Unit and Regression Testing
There may be some rudimentary testing being done before graduation, however it will be important if this project is to grow that a standardized and stable testing suite is developed to ensure the codebase does what is expected, and that future changes do not cause regressions that break previous functionality.

Improved User Interface
Notable when viewing the details of an issue, currently it is output in a format that is difficult to read, and in an order that isn’t necessarily desirable. We want to ensure the look and feel of the command line is professional.

Installation Scripts
It should be trivial, especially on Windows / Mac to install Abundant. Currently it isn’t terribly painful – pull code, add command to path, run – but isn’t the sort of installation flow users of these operating systems expect. It is ok for now to ask users to go through those steps,but for a large scale release to be possible, we must have installation binaries, which are preferably built by an automatic build script.

Abundant Thesis

I've been on about a year hiatus after graduating and moving across the country to Boston, but Abundant has still been on my mind, and in the past week or so, I've really gotten back into it! If anyone's still reading this blog, hello! I realize I never got around to posting my final thesis, so before I go further, here it is. Check back soon for a couple more updates!
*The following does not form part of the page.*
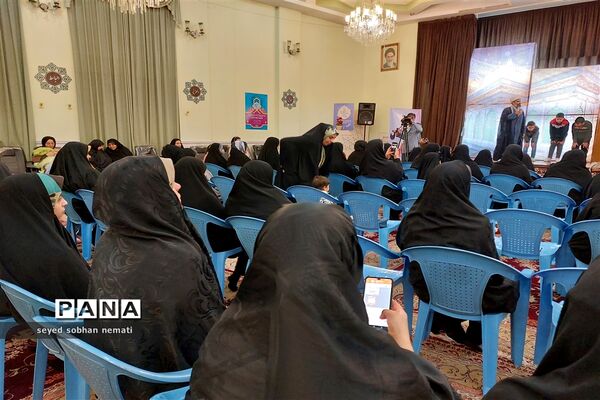 افتتاحیه هیات مذهبی دانش‌آموزی در مشهد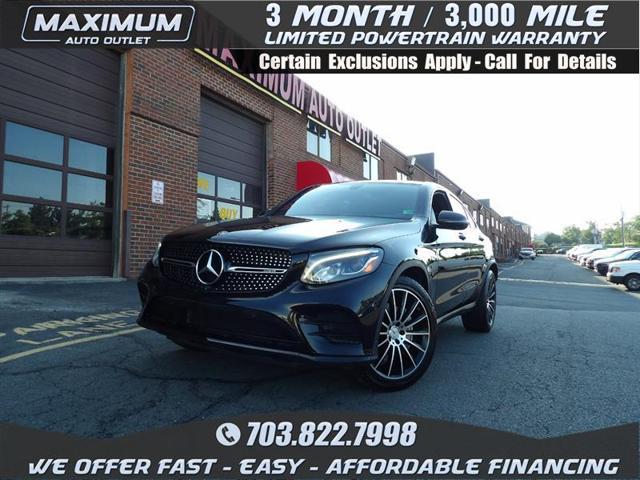 used 2018 Mercedes-Benz AMG GLC 43 car, priced at $32,995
Abundant Thesis Report Abundant Final Presentation Unfortunately, apparently Google doesn't support uploading anything other than images and videos to blogger, so the links above point to Scribd and potentially could break in the future.  Hopefully not.

Assign Me A Bug

At 2:15 the morning of a major presentation, I realize a very small feature is currently missing from Abundant.

It is currently not possible to assign an issue to a user.

Let's see how quickly I can fix this.

---

Update: Ten minutes, including testing.

Categorizing Metadata

One of Abundant's major benefits is the freedom it allows developers, not locking them down into any specific workflow or requirements, nor requiring them to configure anything beforehand.

However often it is very beneficial to configure an issue tracker to define certain metadata fields as only allowing certain options.  For example, perhaps we want to track the severity of issues more formally, so we can know what needs to be dealt with first.  If there is no structure to the severity field, this is impossible, as anything one could want to type would be allowed, and the lack of structure would be a hindrance.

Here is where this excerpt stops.